»Konzert für die Unerschrockenen«

/ 2013

 

In ihrem autofiktionalen Debütroman entwirft Bettina Spoerri, 1968 in Zürich geboren, die Porträts zweier Frauen aus zwei Generationen. Als ihre Großtante Leah stirbt, fährt Anna von Zürich nach London zur Beerdigung und erhält dort Leahs Tagebücher. Im Folgenden wechselt die Erzählung zwischen Annas Alltag in London, Zürich und Berlin und Leahs Leben als Jüdin und Cellistin zwischen Wien, Shanghai, Palästina und England. Die Ich-Erzählerin Anna integriert in den Text Einschübe aus Leahs Tagebüchern, setzt Schilderungen alter Fotografien in Form sprachlicher Ekphrasis ein und rekurriert auf Anton Tschechows Prosa, Max Rothkos Bilder und die skulpturalen Installationen Rebecca Horns. Zugleich ruft sie Szenen und Erinnerungsbilder aus ihrem Gedächtnis ab, die den wenigen Gesprächen mit der Großtante sowie Erinnerungen an Konzerte und Leahs Cellospiel gelten.
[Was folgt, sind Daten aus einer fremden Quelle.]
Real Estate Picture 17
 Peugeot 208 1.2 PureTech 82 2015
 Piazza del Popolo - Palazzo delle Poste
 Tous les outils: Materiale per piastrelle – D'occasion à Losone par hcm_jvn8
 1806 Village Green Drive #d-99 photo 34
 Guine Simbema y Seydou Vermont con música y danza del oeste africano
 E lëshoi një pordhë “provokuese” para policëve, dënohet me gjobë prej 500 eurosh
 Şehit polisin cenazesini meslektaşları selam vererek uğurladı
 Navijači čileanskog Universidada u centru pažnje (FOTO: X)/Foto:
Vor dem Hintergrund der Erinnerungsarbeit wird auf der Gegenwartsebene des Romans auch Annas Porträt entworfen.

Warum lesen?

Weil aus dem Erinnerungsarchiv ein lebendiges Bild einer außergewöhnlichen Frau entsteht, die nach der Shoah in Musik und Kunst ein Mittel fand, der Katastrophe zu begegnen, und weil in Spoerris Text die Kunst zum Medium wird, das Wichtigste, oft kaum Aussprechbare auszudrücken.